**Data under study**
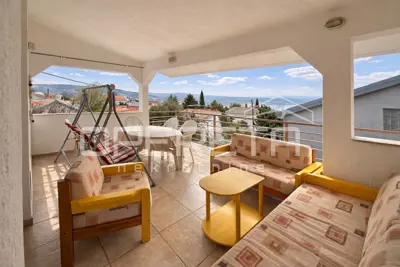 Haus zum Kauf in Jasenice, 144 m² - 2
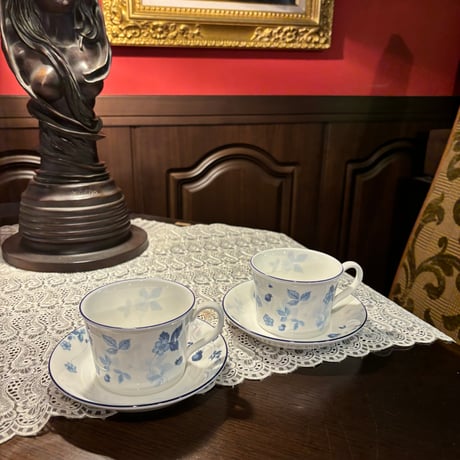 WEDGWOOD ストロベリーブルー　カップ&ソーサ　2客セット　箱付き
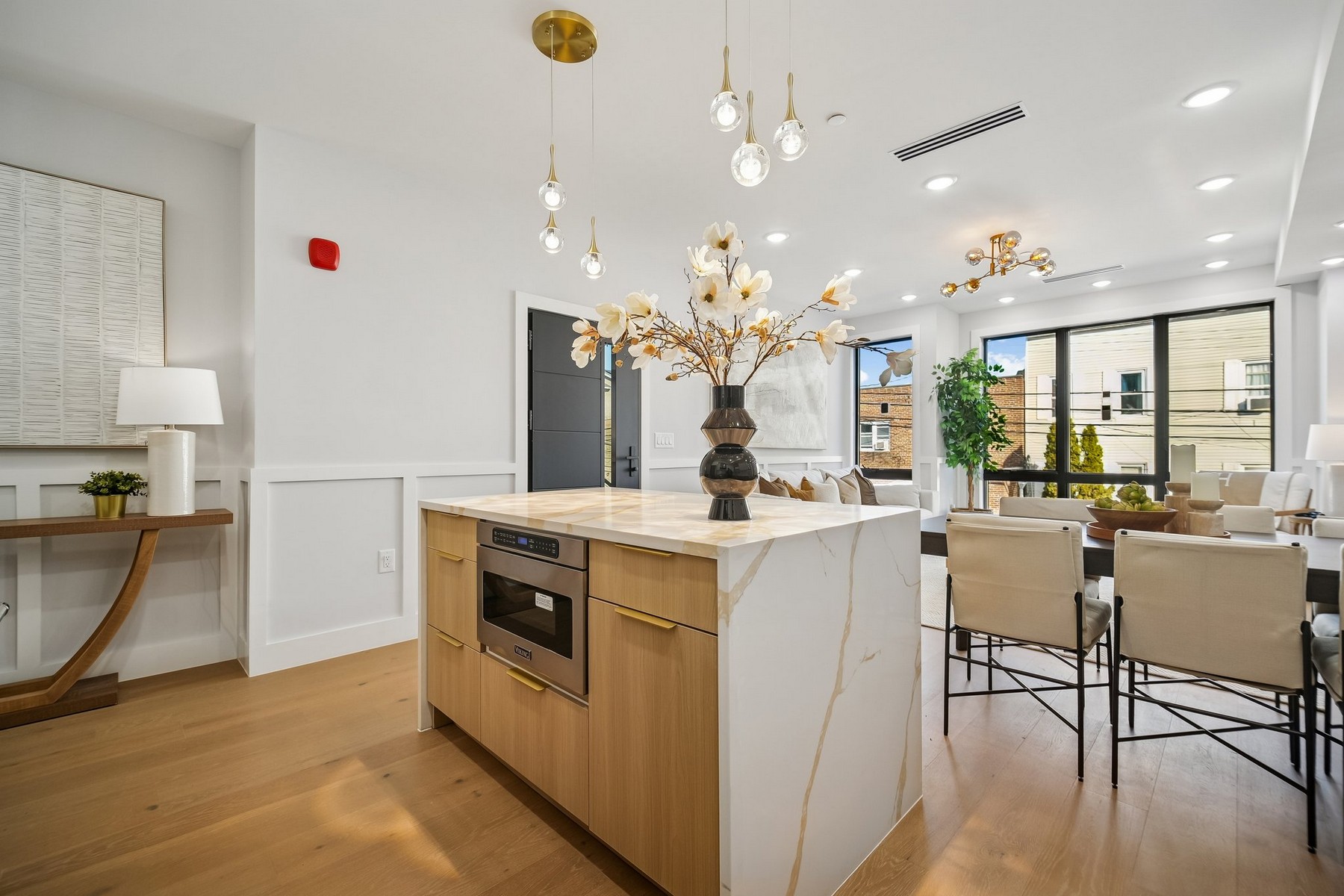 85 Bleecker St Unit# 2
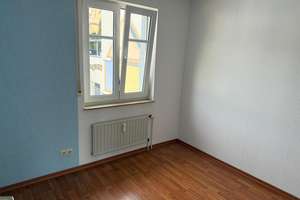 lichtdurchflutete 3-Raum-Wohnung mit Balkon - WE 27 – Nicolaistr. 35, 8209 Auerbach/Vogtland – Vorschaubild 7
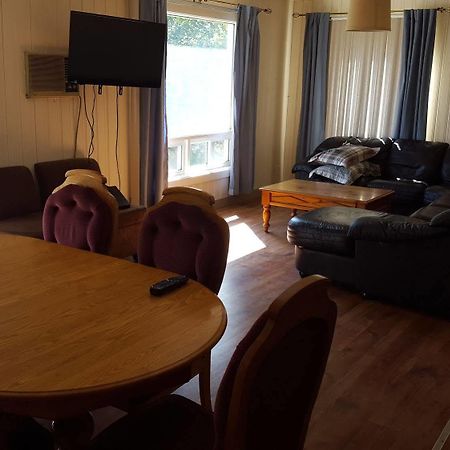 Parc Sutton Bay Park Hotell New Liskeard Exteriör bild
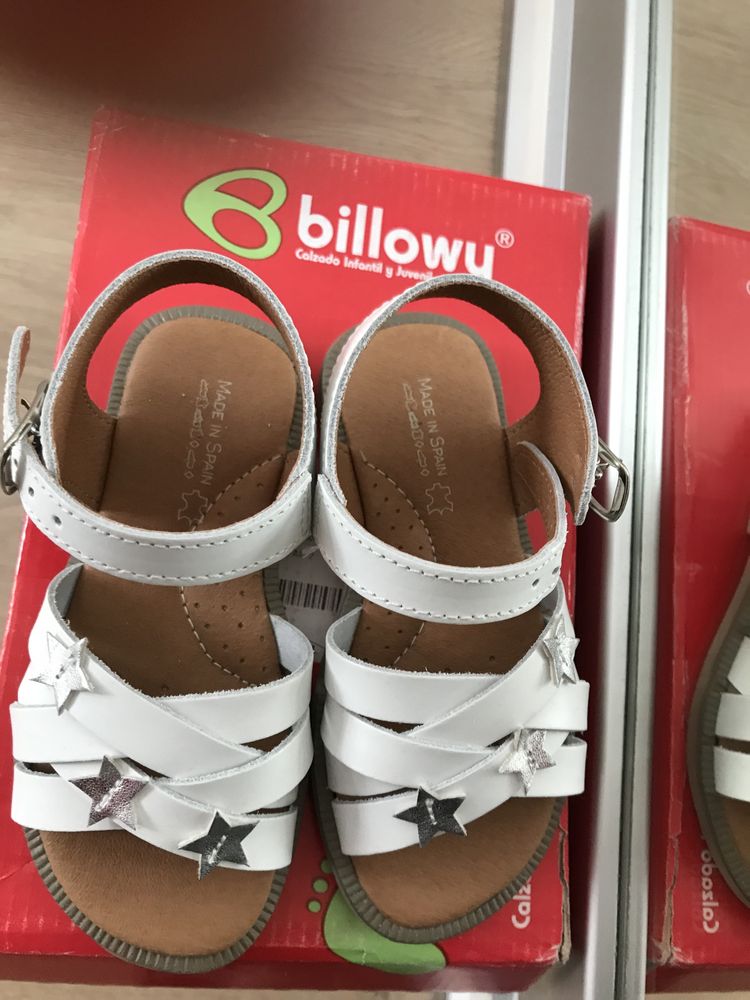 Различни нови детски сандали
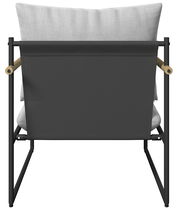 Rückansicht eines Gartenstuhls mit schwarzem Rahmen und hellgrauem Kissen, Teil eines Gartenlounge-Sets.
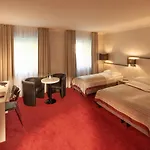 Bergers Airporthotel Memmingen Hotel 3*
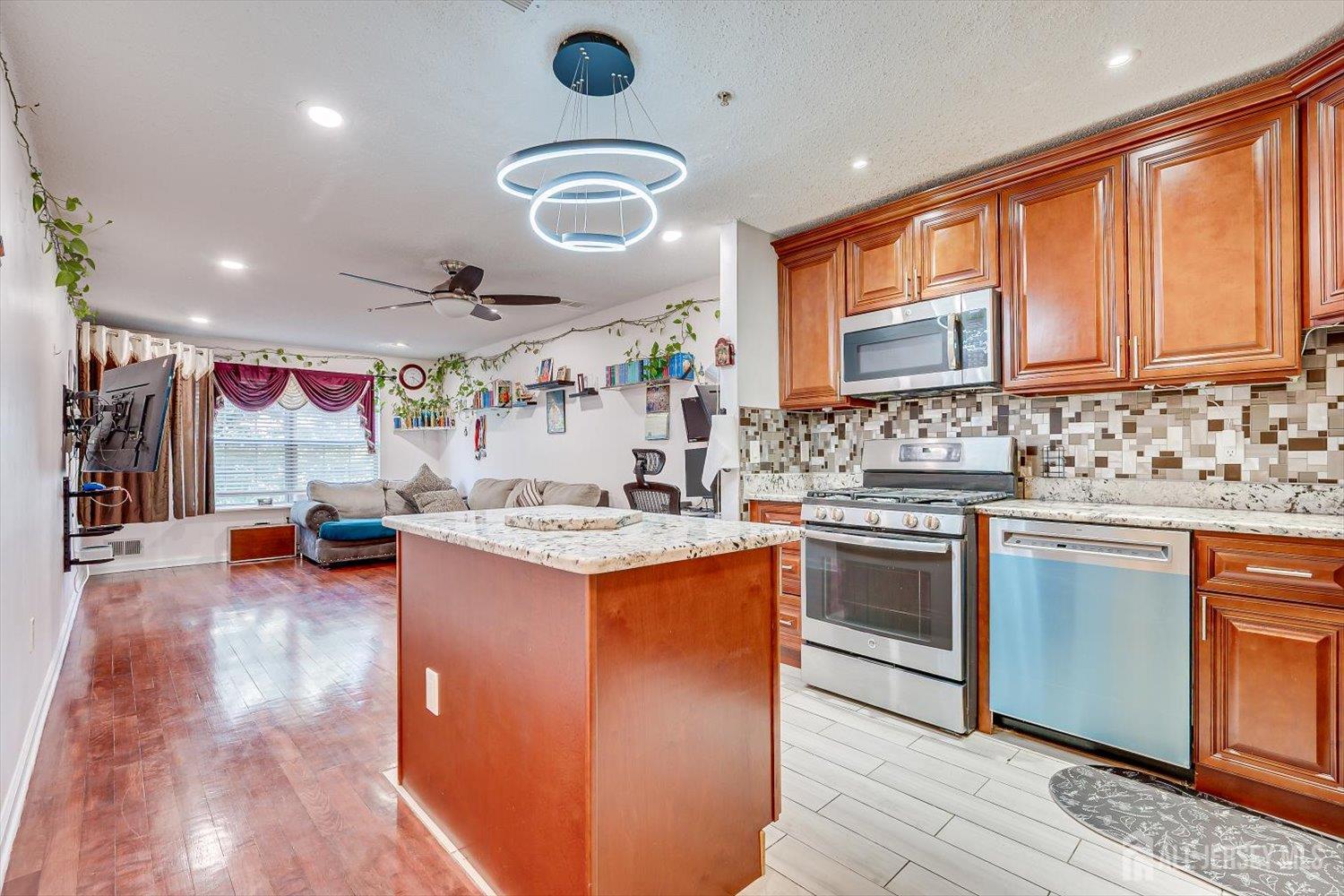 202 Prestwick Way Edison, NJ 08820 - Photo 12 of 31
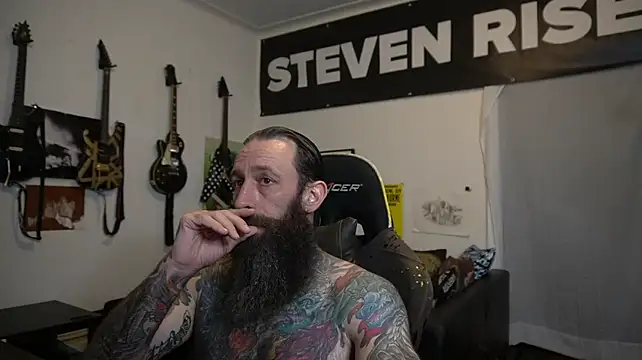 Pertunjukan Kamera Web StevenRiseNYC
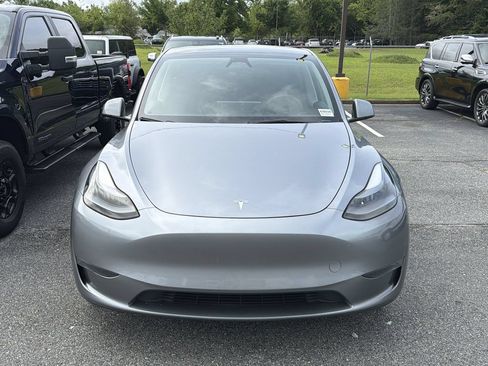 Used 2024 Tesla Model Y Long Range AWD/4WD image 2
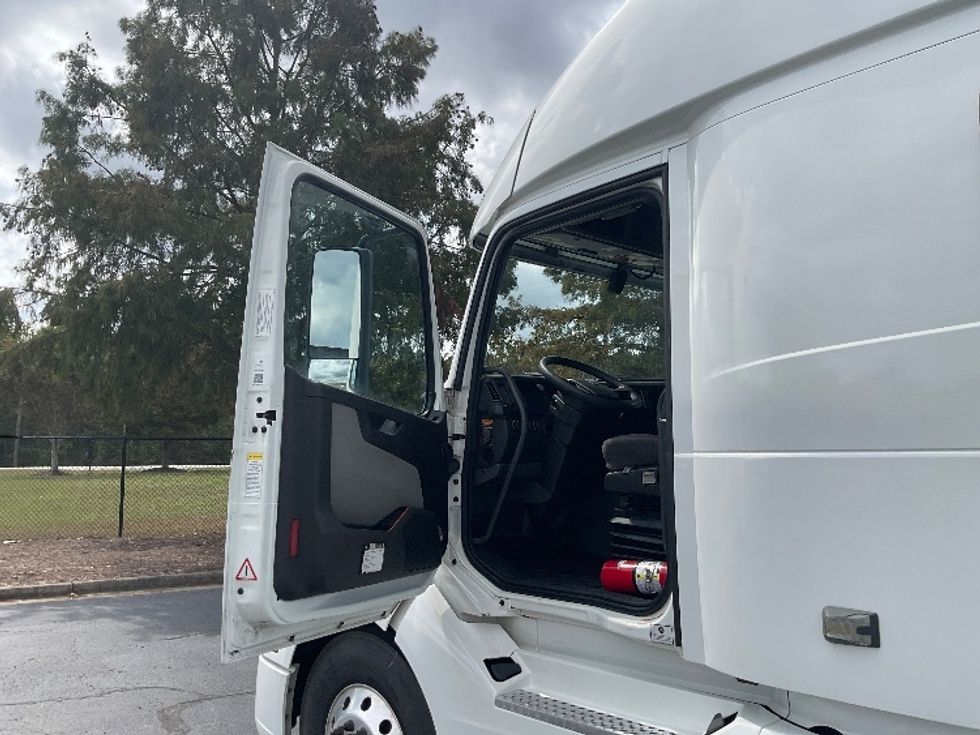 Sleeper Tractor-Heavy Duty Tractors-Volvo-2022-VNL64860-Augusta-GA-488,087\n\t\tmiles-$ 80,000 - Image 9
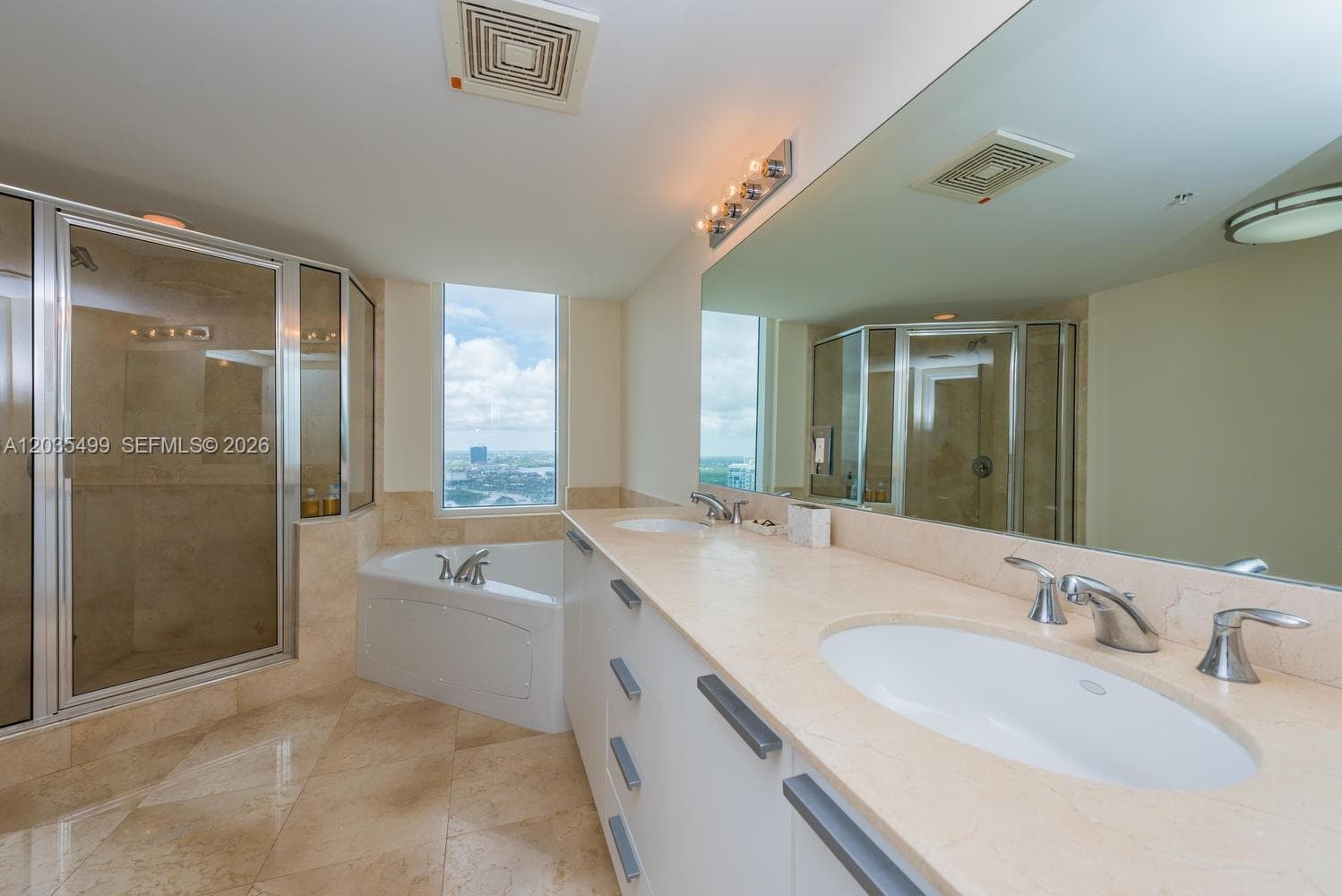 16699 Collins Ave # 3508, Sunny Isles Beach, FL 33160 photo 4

**What is expected**
Go through the material above and retype every line exactly, without the images.

**Exercise response**
 Haus zum Kauf in Jasenice, 144 m² - 2
 WEDGWOOD ストロベリーブルー　カップ&ソーサ　2客セット　箱付き
 85 Bleecker St Unit# 2
 lichtdurchflutete 3-Raum-Wohnung mit Balkon - WE 27 – Nicolaistr. 35, 8209 Auerbach/Vogtland – Vorschaubild 7
 Parc Sutton Bay Park Hotell New Liskeard Exteriör bild
 Различни нови детски сандали
 Rückansicht eines Gartenstuhls mit schwarzem Rahmen und hellgrauem Kissen, Teil eines Gartenlounge-Sets.
 Bergers Airporthotel Memmingen Hotel 3*
 202 Prestwick Way Edison, NJ 08820 - Photo 12 of 31
 Pertunjukan Kamera Web StevenRiseNYC
 Used 2024 Tesla Model Y Long Range AWD/4WD image 2
 Sleeper Tractor-Heavy Duty Tractors-Volvo-2022-VNL64860-Augusta-GA-488,087\n\t\tmiles-$ 80,000 - Image 9
 16699 Collins Ave # 3508, Sunny Isles Beach, FL 33160 photo 4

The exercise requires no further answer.